Went by the post office BW, NO coupon for that at all...I picked up 2 packs, the same!! I got the sprayer tho. $219..... Going to bag up all the goodies prior to tackling the job. By then it may have cooled off. Woodwork to be done, inside and out. Something tells me this may be a job for the Fall season! Got my 27" Original Heddon Zara Spook, now where to hang it.....hooks are the size of a graphling hook. Don't want to mess that paint job up....................


----------



## Big Willy (Jun 20, 2007)

V-Bottom said:


> Went by the post office BW, NO coupon for that at all...I picked up 2 packs, the same!!

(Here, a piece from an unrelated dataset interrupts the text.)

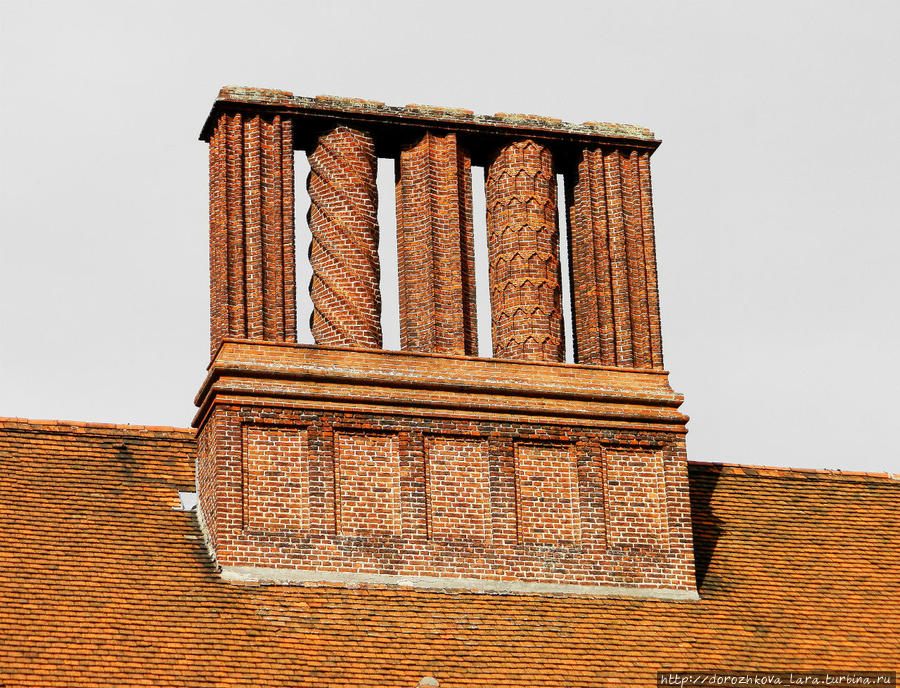 Крыши дворца украшают 55 кирпичных труб, необыкновенно красивых. Потсдам, Германия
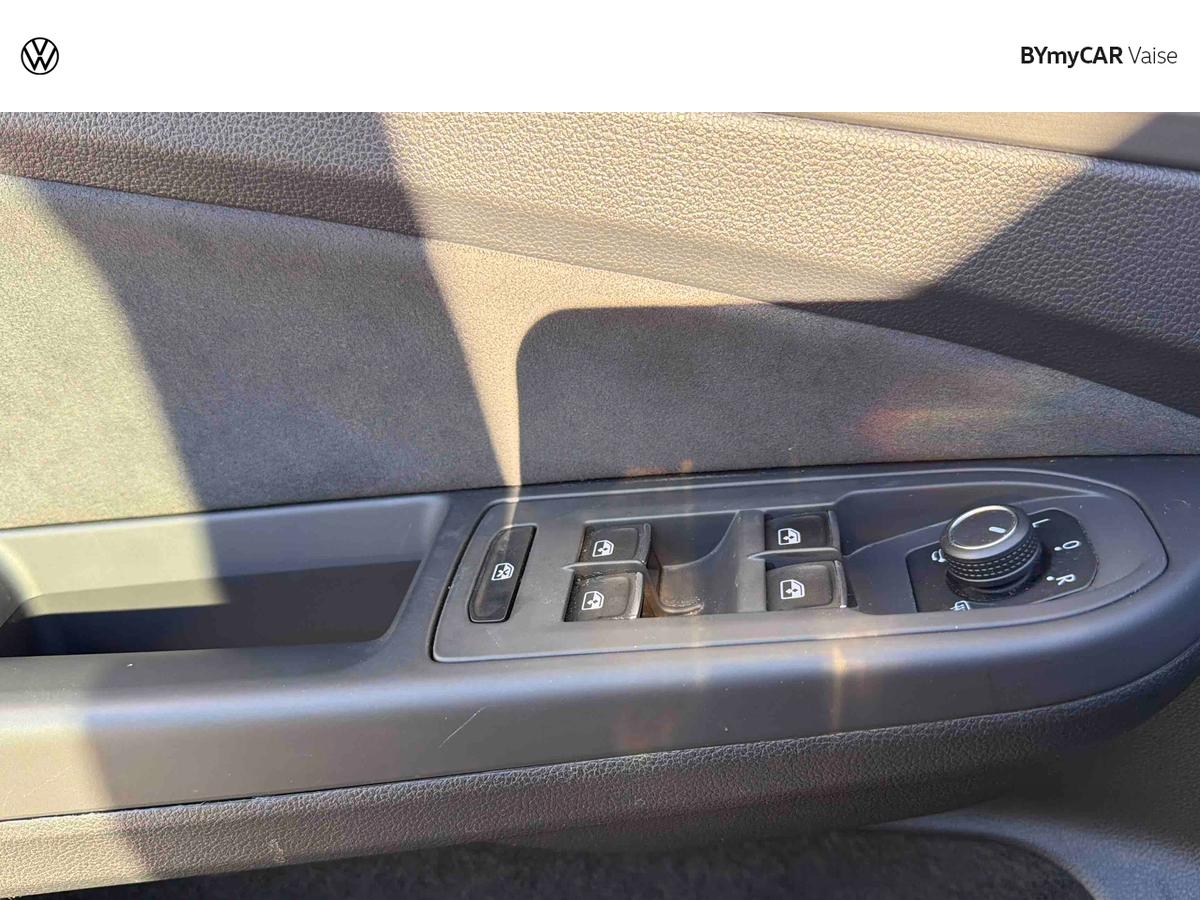 Volkswagen Golf 1.5 eTSI OPF 150 DSG7 — photo 16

Someone probably grabbed them out of the package. I know our post office in Dickinson carries the 10% off coupon but I have seen people literally stand in line and grab the coupon out of the package and then set it back down. I at least have the common courtesy to take mine to the house and then throw the rest of the stuff away.


----------



## V-Bottom (Jun 16, 2007)

NO doubt...me too, I picked up the 2 and went home


----------



## Arlon (Feb 8, 2005)

I've been redoing my house paint for a few months now. I did have to take it down to the wood and did a lot of wood repair too. It has been kind of fun but I haven't rushed the job. Just an hour in the evening, few early mornings on weekends.. I have time in the evenings and I'd rather spend it painting than watching CSI reruns. (-:}

I'm using sherwin williams Duration paint/A100 wood primer, best caulk they sell, and a paint brush (purdy). I'm about 3/4 done and it's looking pretty good. Not finishing it in a weekend but a little constant work and it's meeting MY schedule. I'm more interested in not doing it again than doing it fast.


----------



## surfgrinder (May 18, 2008)

*brush and roller*

Arlon has the right idea for a long lasting paint job. We paint nonstop here in deer park and have yet to spray a house. Most of the painting companies around here dilute the paint when they spray and that is why it looks bad in just a few years. Even if you spray pure paint all the siding companies recommend that you back roll it. It is hard to beat a purdy brush and a 1" roller


----------



## V-Bottom (Jun 16, 2007)

Hope I didn't "blow" $200 on something not worth painting the ole place!! I'll paint something w/ it. Wife is doing the kitchen makeover. Having a blast. I like all these pointers too. One thing about me and painting. Once I get started, hard to lay it down for the day. No hurry for sure. Slow down and do it right..I always say. I got some construction to do yet. I do appreciate the folks that asked about the job. Came out and looked etc. Wife talked me into doing it myself, or ourselves. Then we can say," WE did that".


----------